Bidirectional encoder representations for Transformers, abbreviated as BERT, is a pre-trained model introduced by Google [1]. BERT has greatly improved the quality of natural language processing (NLP) tasks [1,2,3]. This state-of-the-art context-based embedding model comprises two tasks: masked-language modelling (MLM) and next-sentence prediction (NSP). MLM uses context words surrounding a masked word to predict what the masked word should be. When two sentences are fed into the BERT model, NSP predicts whether or not the second sentence can follow the first sentence.

There are different variants of BERT for different languages: A Lite Bert (ALBERT) [4], Robustly Optimized BERT (RoBERTa) [5], and SpanBERT [6] are used for English; FlauBERT [7] for French; PhoBERT [3] for Vietnamese; GottBERT [8] for German; MacBERT for Chinese [9]; and KR-BERT [10] for Korean.

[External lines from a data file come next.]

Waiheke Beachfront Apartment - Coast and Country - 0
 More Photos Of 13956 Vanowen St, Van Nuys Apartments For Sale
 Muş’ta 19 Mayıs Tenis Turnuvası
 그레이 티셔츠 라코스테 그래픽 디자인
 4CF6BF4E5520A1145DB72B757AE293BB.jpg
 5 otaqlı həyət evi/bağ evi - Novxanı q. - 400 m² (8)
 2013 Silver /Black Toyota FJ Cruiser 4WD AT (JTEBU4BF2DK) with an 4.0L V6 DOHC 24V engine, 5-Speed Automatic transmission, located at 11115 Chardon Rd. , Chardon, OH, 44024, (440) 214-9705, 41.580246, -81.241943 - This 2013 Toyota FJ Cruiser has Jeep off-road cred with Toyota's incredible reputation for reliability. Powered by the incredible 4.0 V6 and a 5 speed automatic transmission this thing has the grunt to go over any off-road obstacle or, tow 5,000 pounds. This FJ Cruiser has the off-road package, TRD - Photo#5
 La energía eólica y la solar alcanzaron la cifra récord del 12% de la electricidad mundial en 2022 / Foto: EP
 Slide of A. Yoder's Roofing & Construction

The ALBERT variant uses cross-layer parameter-sharing and factorized embedding-layer parameterization techniques to decrease the number of parameters, thus reducing training time. RoBERTa, a pre-training approach, is one of the most popular variants of the BERT model. To improve the original BERT model, RoBERTa has implemented several changes in pre-training, such as using byte-level byte-pair encoding (BBPE) and dynamic masking, instead of the static masking used in the MLM task.

PhoBERT is a pre-trained BERT variant for the Vietnamese language. It is based on the RoBERTa model. PhoBERT was trained on a huge Vietnamese corpus, including a 50 GB Vietnamese dataset.

Neural machine translation (NMT) directly translates a source sentence to a target sentence by using a neural network [11,12]. A series of publicly available toolkits, such as OpenNMT [13], Sockeye [14], and Fairseq [15], have made it easier for researchers to access NMT. NMT research is mostly performed on many rich-resource languages [2,16,17], but research in low-resource languages is receiving more attention [18,19,20].

The neural network models used in studies are diverse. For example, Wu et al. used Gap NMT (GNMT) [21]; Gerhring et al. used convolutional sequence-to-sequence learning (ConvS2S) [22]; Huang et al. used a hybrid translation model [23]; and Vaswani et al. applied the transformer model [24].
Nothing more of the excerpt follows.